Как бы то ни было, стихи эти в пределах Керчи имели очевидный успех. Татьяна Валерьяновна вырезала их и вклеила в школьную стенгазету, девушки переписывали их в альбомы. Редакция получила с десяток восторженных отзывов, включая письмо одного из местных членов Союза писателей. Мрачный молодой человек, учитель немецкого языка, пожелал провести со мной беседу. «У вас большое дарование, – сказал он, – и вы должны очень серьезно к нему отнестись». Он мою смущенную улыбку принял за скептическую и сердито повторил: «Вы должны это понять и отнестись к своему таланту серьезно». Я запомнил эти слова не только потому, что это было первое четко сформулированное одобрение моих упражнений, но потому, что учитель этот вскоре после нашего разговора (но не вследствие) повесился. Я тот стишок давным-давно позабыл, но Татьяна Валерьяновна Фомина помнила его до конца своих дней и читала мне наизусть, когда мы встретились с ней в Керчи лет сорок спустя.
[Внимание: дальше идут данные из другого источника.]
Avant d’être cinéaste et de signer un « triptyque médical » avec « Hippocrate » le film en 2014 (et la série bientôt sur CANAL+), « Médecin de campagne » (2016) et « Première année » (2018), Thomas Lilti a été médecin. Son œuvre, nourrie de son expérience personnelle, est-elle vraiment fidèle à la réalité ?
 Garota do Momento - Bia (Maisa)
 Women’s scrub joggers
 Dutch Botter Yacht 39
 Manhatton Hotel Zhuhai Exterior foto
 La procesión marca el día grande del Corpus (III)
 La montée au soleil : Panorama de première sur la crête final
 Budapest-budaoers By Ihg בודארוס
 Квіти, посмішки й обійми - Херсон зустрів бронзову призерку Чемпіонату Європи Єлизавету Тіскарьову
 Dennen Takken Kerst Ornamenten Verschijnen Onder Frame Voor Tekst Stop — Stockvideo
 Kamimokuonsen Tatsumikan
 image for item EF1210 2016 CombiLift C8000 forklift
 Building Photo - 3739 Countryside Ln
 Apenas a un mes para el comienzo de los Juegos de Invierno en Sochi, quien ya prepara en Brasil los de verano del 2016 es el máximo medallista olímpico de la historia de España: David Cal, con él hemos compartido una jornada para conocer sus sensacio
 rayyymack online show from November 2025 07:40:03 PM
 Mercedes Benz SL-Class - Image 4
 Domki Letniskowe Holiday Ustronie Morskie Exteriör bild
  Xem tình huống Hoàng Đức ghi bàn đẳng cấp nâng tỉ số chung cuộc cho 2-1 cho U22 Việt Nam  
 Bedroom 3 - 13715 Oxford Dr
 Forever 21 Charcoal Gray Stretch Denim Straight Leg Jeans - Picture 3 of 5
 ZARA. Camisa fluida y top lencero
Окончив школу, я задумался, в какой институт поступать. В райисполкоме мне дали письмо, где говорилось, что Харьковский юридический институт объявляет набор студентов из числа партийных и советских работников, отслуживших в армии. Институт обещал будущим юристам хорошее общежитие и гораздо большую, чем в обычных вузах, стипендию. Я уже стал собирать документы, но после «Матери» передумал их отправлять в Харьков. Из всего написанного выбрал пятнадцать стихотворений и послал их на творческий конкурс в Москву, в Литературный институт имени Горького.
«Перед нами все дороги»
Мама моя всегда была большая кулинарка и рукодельница. Замечательно плела кружева и вышивала. Мне к окончанию школы сшила и щедро украсила разноцветной вышивкой шелковую украинскую рубашку – такие в народе называли антисемитками.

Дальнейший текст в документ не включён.